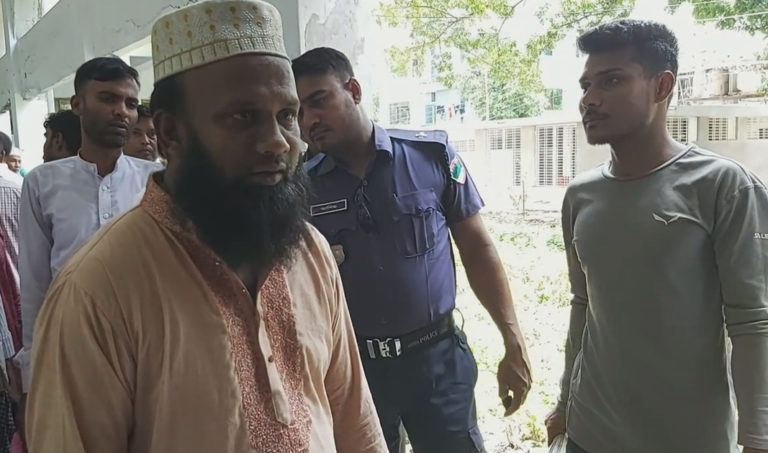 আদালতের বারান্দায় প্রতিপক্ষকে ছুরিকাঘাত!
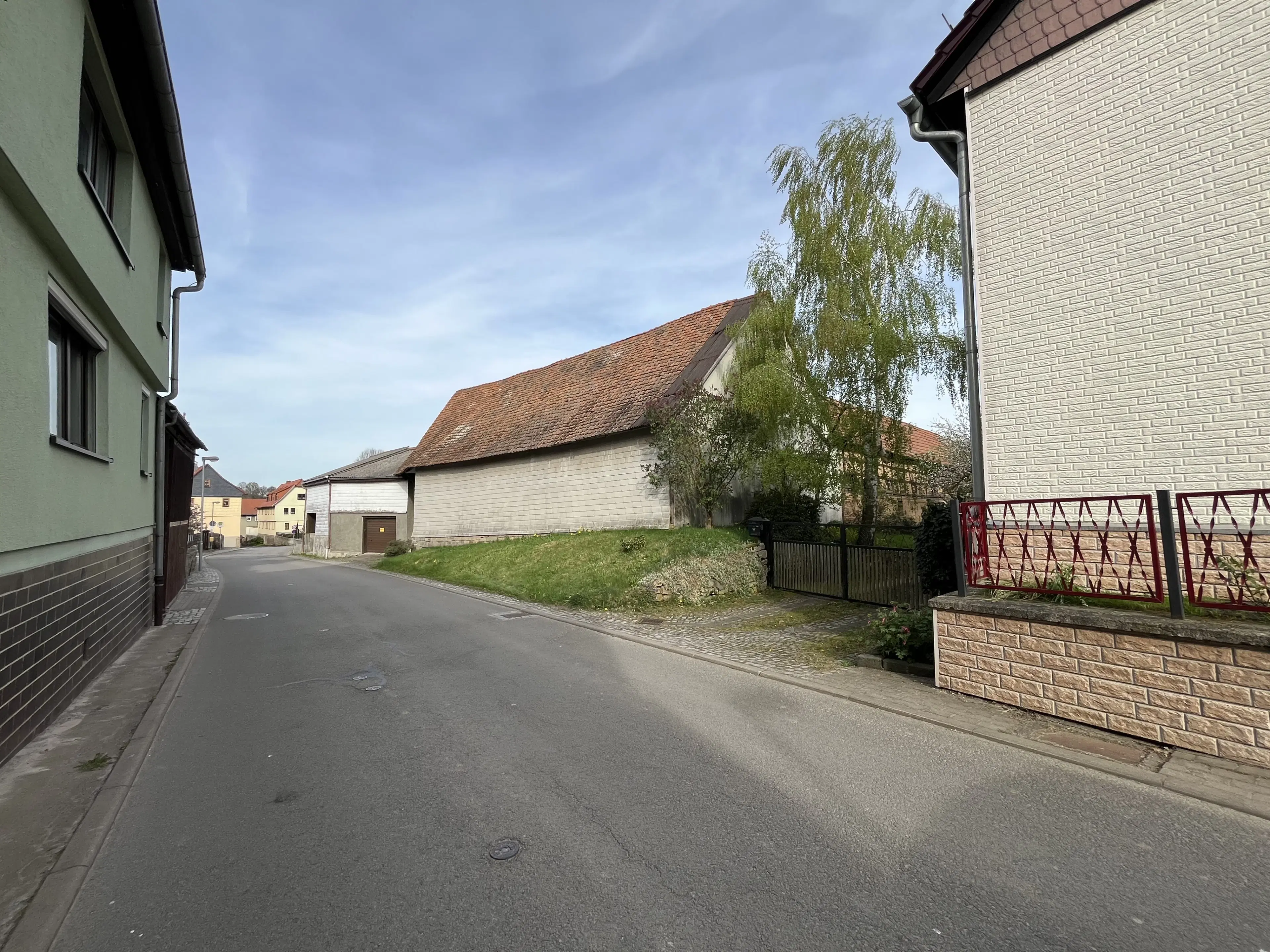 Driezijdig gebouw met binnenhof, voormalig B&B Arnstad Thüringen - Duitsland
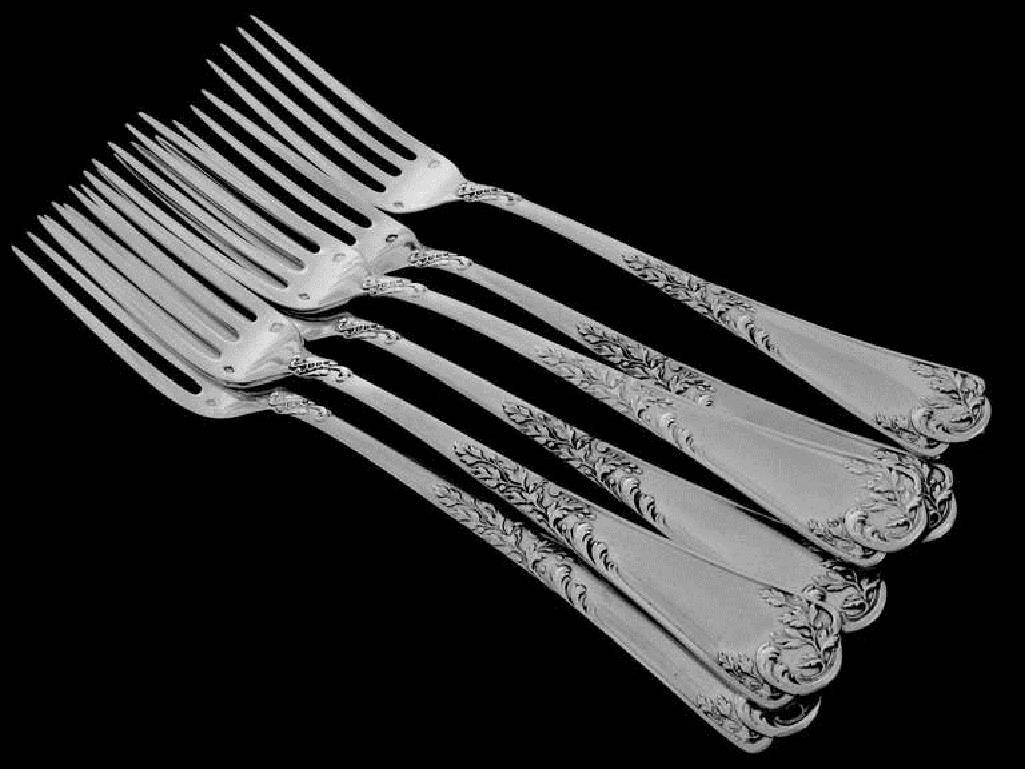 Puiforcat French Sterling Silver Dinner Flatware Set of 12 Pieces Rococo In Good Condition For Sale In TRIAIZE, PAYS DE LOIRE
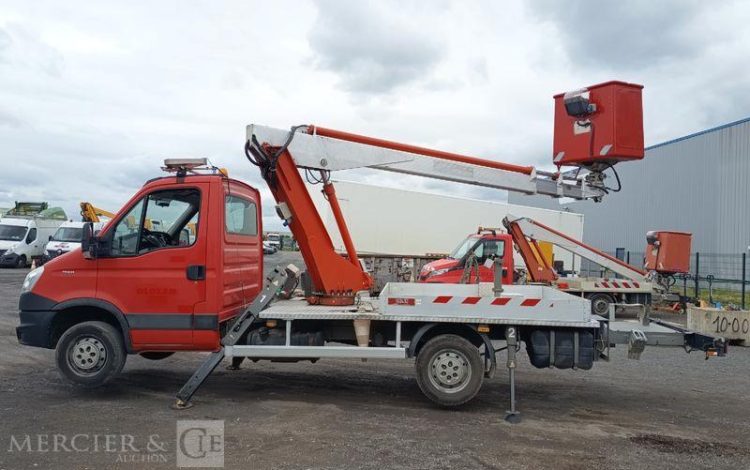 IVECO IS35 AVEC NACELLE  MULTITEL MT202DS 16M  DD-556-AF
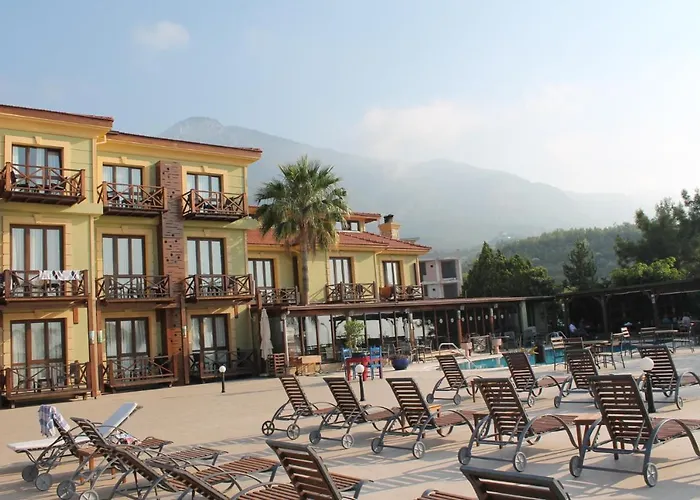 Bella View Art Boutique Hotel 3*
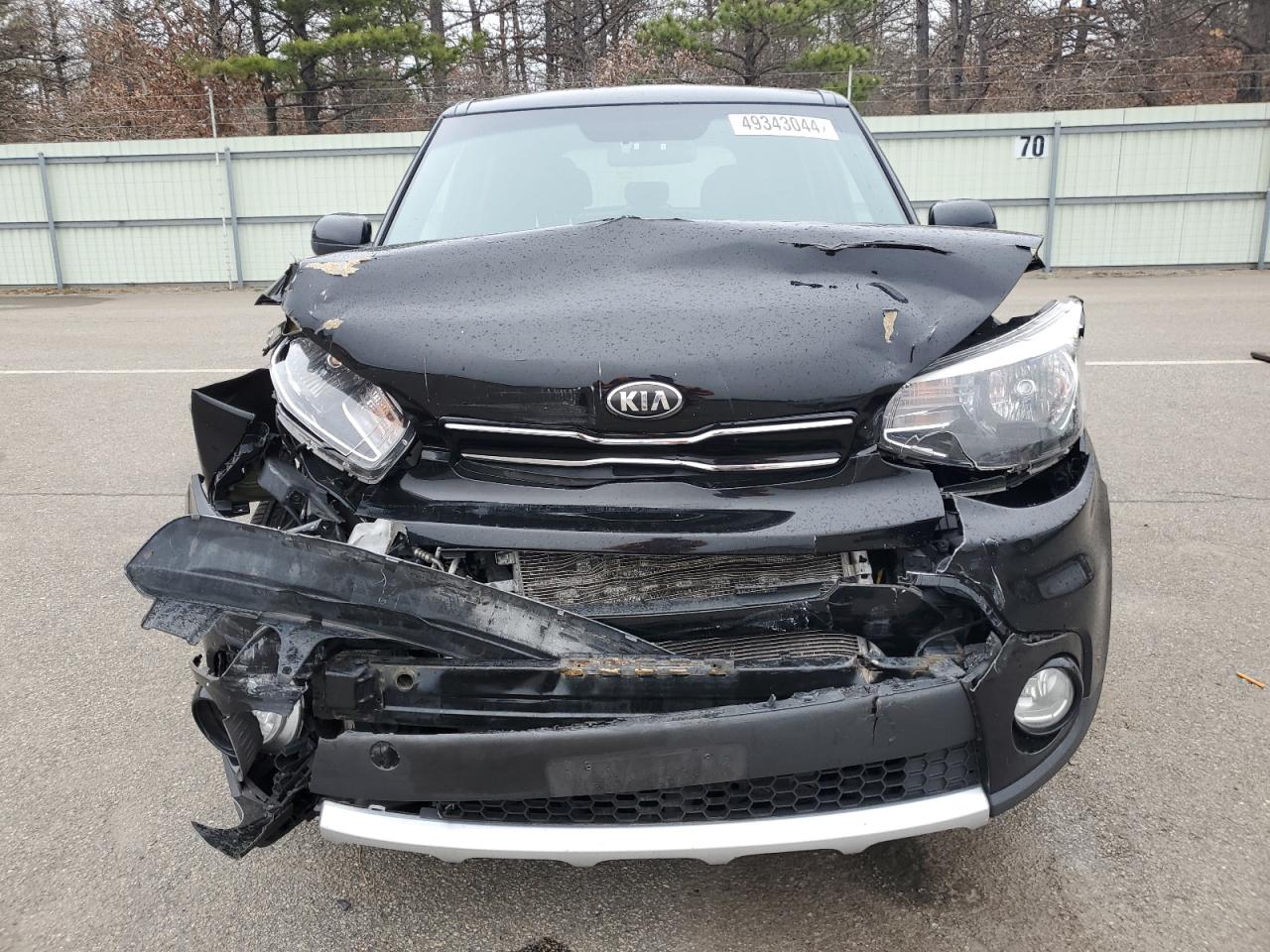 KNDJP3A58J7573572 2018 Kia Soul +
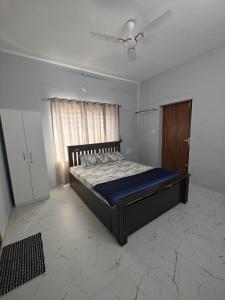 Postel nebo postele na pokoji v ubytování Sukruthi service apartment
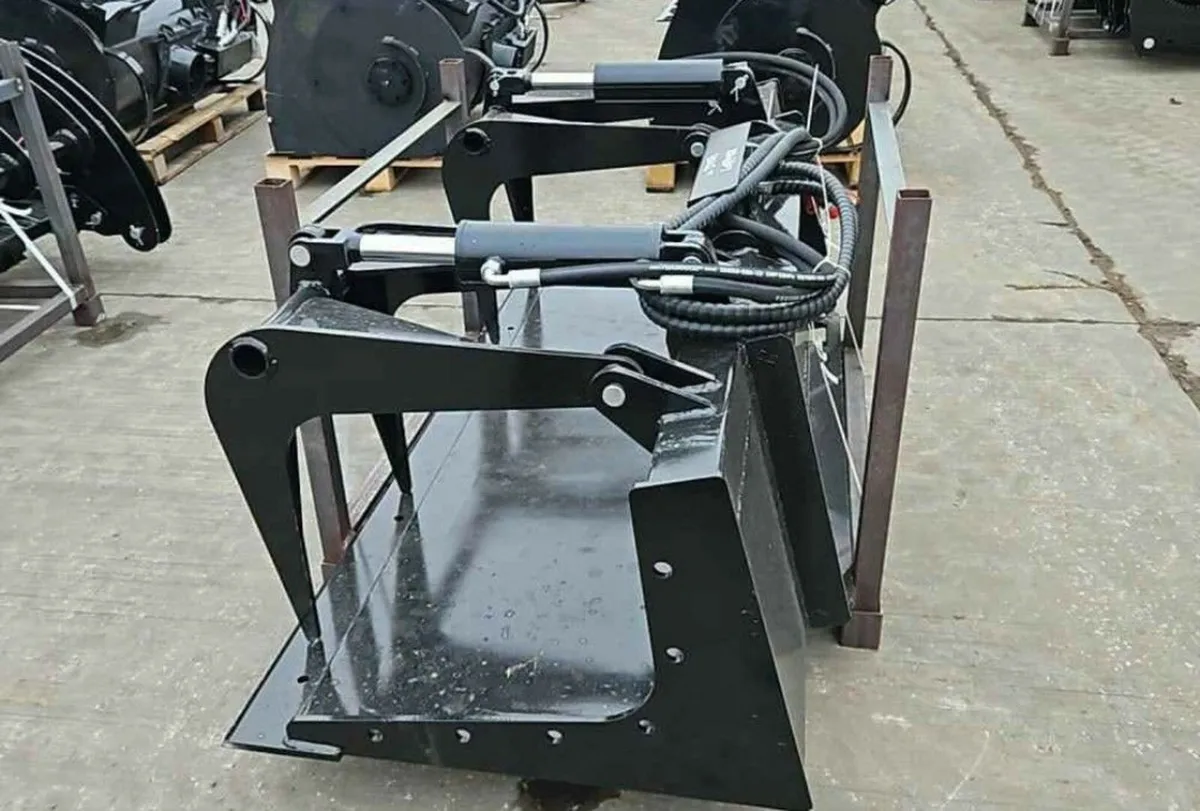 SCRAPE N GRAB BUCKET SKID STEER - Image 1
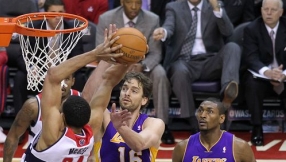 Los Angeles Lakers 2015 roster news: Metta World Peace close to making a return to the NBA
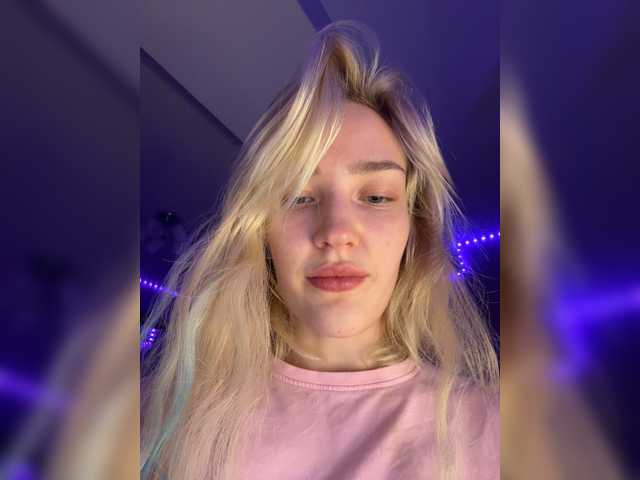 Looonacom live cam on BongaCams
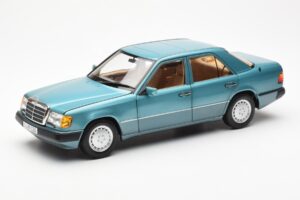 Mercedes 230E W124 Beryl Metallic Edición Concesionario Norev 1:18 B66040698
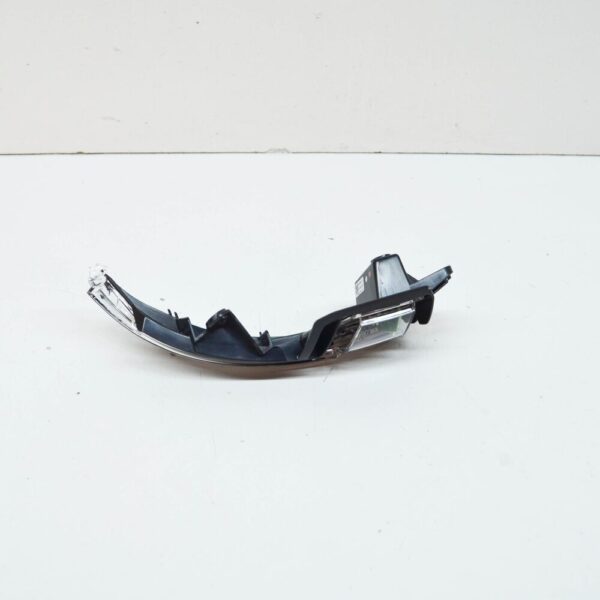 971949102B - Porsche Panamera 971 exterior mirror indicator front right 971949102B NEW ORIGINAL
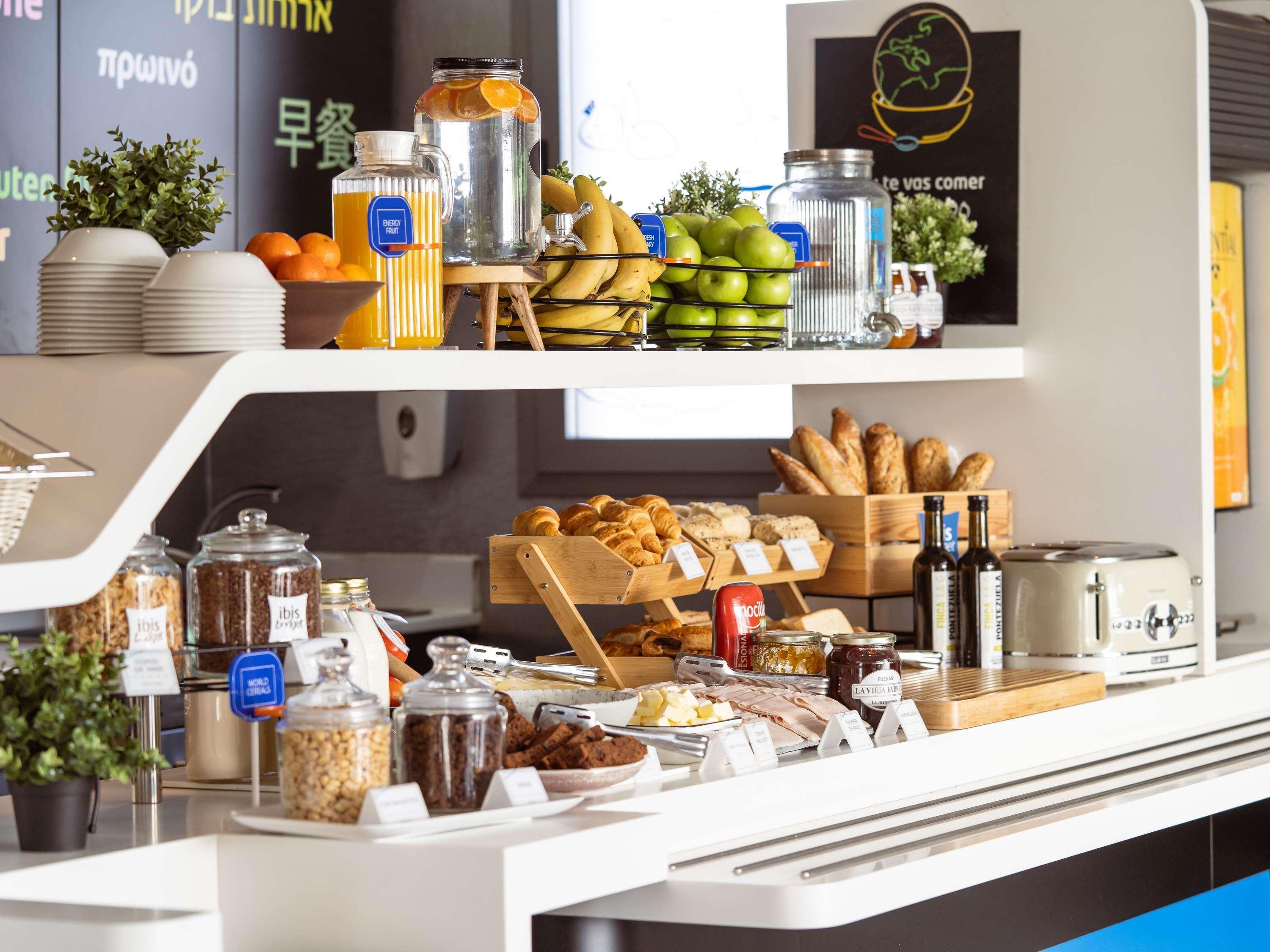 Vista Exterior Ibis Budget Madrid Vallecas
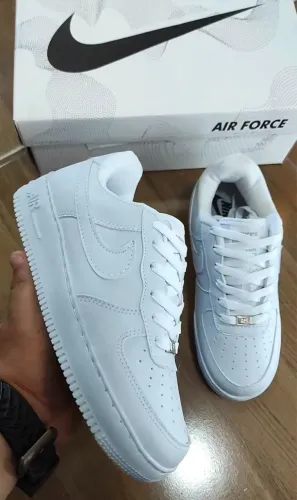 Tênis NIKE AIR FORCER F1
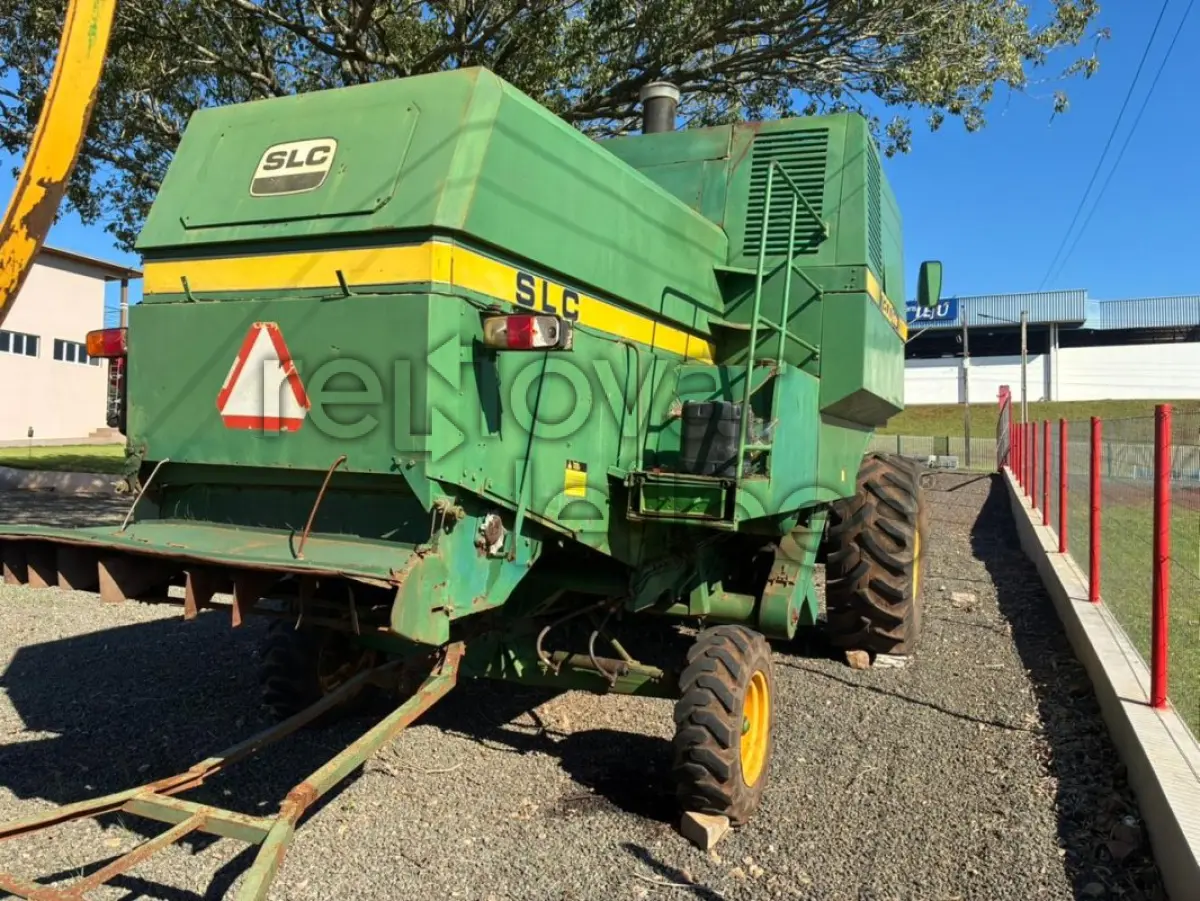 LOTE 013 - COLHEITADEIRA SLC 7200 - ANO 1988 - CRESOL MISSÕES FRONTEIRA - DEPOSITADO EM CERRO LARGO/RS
◆ ◆ ◆ ◆ ◆
About this exercise:
The required output is the exact run of lines from the start of the records through the line containing "SCRAPE N GRAB BUCKET SKID STEER - Image 1", both ends included, with no pictures.

Expected answer:
 আদালতের বারান্দায় প্রতিপক্ষকে ছুরিকাঘাত!
 Driezijdig gebouw met binnenhof, voormalig B&B Arnstad Thüringen - Duitsland
 Puiforcat French Sterling Silver Dinner Flatware Set of 12 Pieces Rococo In Good Condition For Sale In TRIAIZE, PAYS DE LOIRE
 IVECO IS35 AVEC NACELLE  MULTITEL MT202DS 16M  DD-556-AF
 Bella View Art Boutique Hotel 3*
 KNDJP3A58J7573572 2018 Kia Soul +
 Postel nebo postele na pokoji v ubytování Sukruthi service apartment
 SCRAPE N GRAB BUCKET SKID STEER - Image 1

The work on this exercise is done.